My team spends hours every Friday manually pulling data from three different SQL databases and formatting it into a "Master Excel" sheet for management. I want to build a Python script that automates the queries, joins the data, and applies specific cell formatting and charts. Which libraries are best for maintaining the "look and feel" of the original Excel template?
3 answers
You should use a combination of Pandas for the data manipulation and Openpyxl for the formatting. Pandas is great at the read_sql and merge functions, which will handle your three sources easily. Once you have your final dataframe, you use Openpyxl to write it to an existing Excel template. This allows you to keep your logos, headers, and conditional formatting intact while just updating the raw data. We automated a similar 6-hour weekly task for our finance department, and now the script runs in 45 seconds. Just make sure to use XlsxWriter if you need to generate complex charts programmatically from within Python.

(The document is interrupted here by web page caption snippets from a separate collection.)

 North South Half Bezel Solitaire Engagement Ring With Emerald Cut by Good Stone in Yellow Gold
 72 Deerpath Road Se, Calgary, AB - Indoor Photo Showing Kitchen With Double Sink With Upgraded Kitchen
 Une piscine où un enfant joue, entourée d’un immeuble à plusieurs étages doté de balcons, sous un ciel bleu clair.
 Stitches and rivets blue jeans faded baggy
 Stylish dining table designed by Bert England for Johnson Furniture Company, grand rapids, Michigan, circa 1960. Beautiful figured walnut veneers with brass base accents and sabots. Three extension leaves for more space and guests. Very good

Have you considered using a SQL abstraction layer like SQLAlchemy to make your queries more maintainable across different DB types?
Don't forget the Email library in Python; you can automate the final step of sending that Excel sheet to your manager as an attachment!

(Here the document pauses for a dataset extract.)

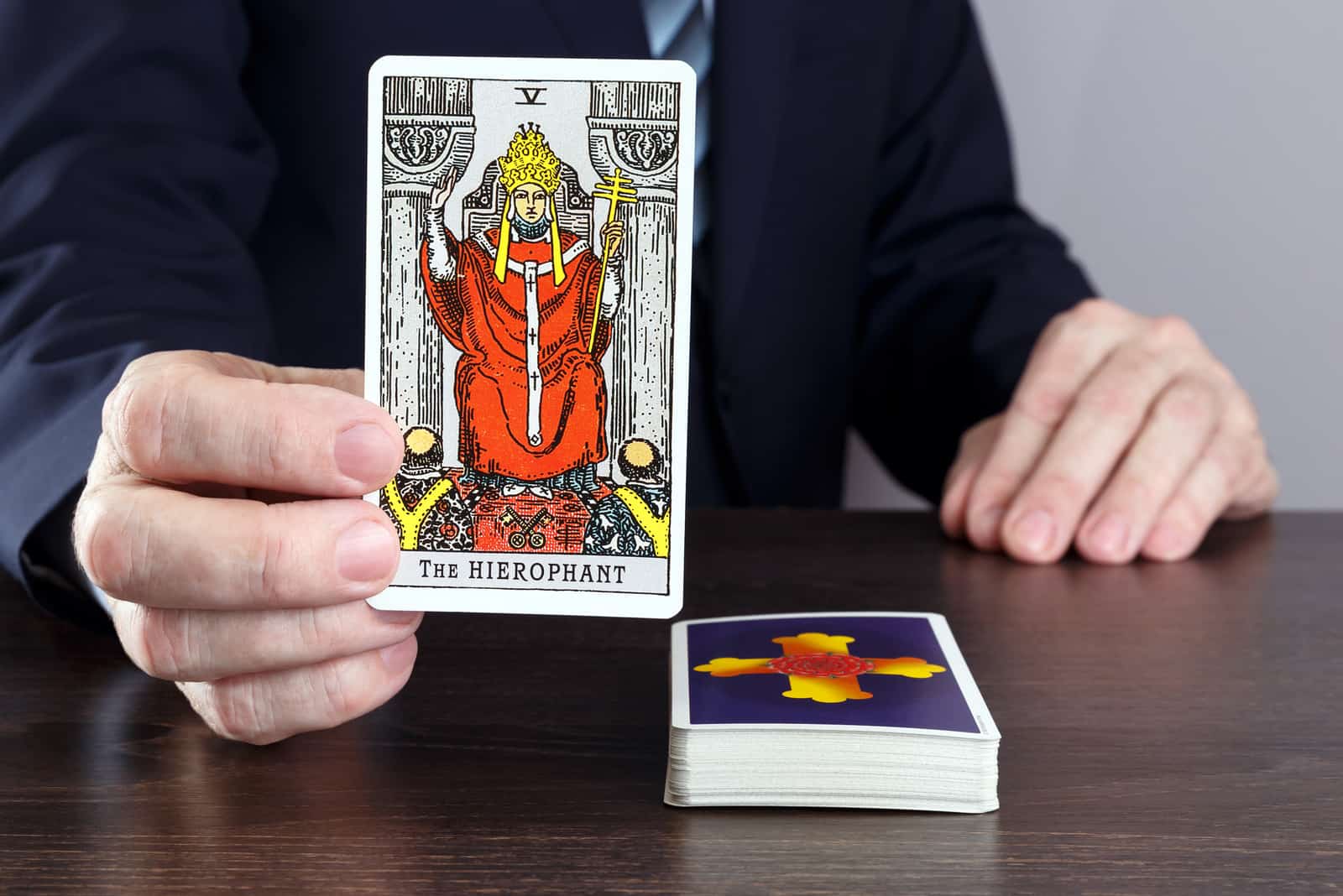 man holding the hierophant tarot card above the table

Great tip, Barbara. We use the smtplib library to send out the final report at 5:00 PM every Friday automatically. It’s the ultimate "set it and forget it" workflow.
Christopher, SQLAlchemy is a must-have here. It handles the connection pooling and prevents SQL injection risks. We also use it to map the database tables to Python classes, which makes the logic much cleaner. For Kevin's report, he can use SQLAlchemy to pull data from PostgreSQL, MySQL, and SQL Server using the same syntax. It makes the "Master Excel" script much more robust if the database schema ever changes, as you only have to update the mapping in one place.